_Your goal_. Write out, word for word, each line from the start of the entries through the one holding "Vintage gold western"; omit the pictures.

_Exercise materials_.
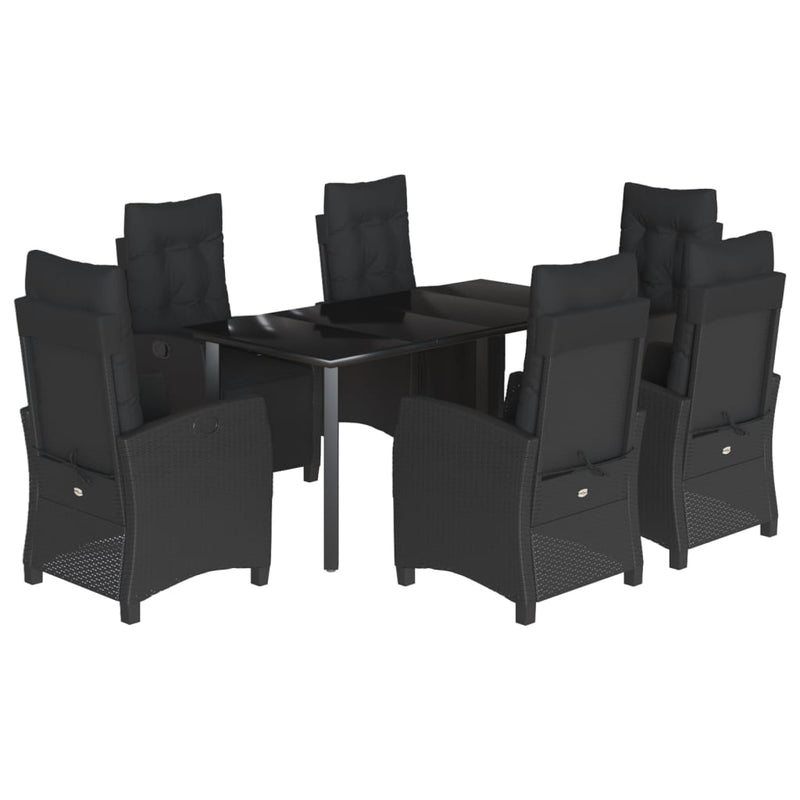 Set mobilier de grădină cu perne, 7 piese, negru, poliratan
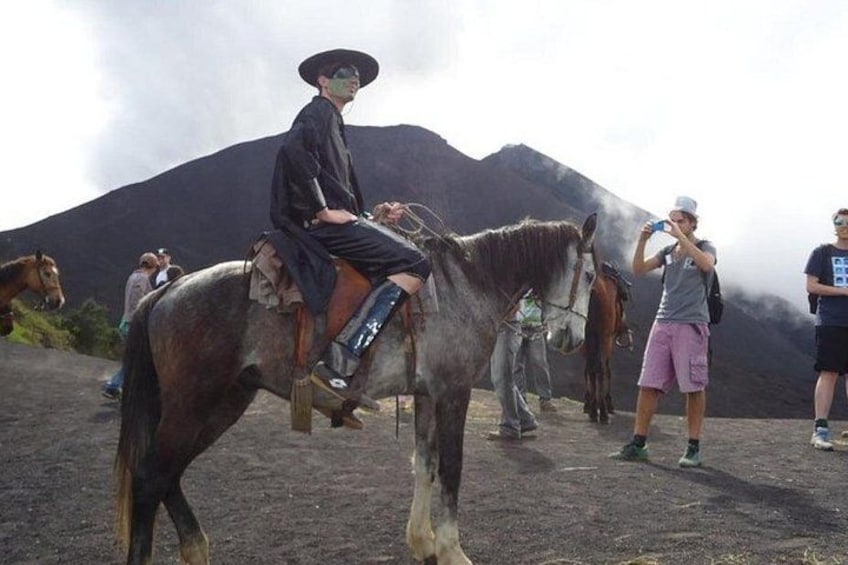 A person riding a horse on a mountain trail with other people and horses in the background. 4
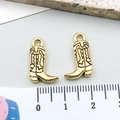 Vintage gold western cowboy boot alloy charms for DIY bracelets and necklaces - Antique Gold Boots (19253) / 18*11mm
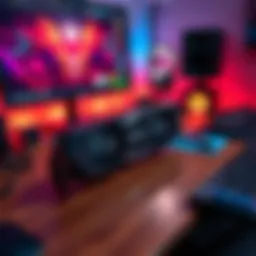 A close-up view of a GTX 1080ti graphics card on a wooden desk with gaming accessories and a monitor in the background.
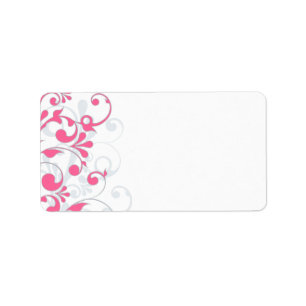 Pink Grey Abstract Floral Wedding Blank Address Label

_Output of the exercise_.
 Set mobilier de grădină cu perne, 7 piese, negru, poliratan
 A person riding a horse on a mountain trail with other people and horses in the background. 4
 Vintage gold western cowboy boot alloy charms for DIY bracelets and necklaces - Antique Gold Boots (19253) / 18*11mm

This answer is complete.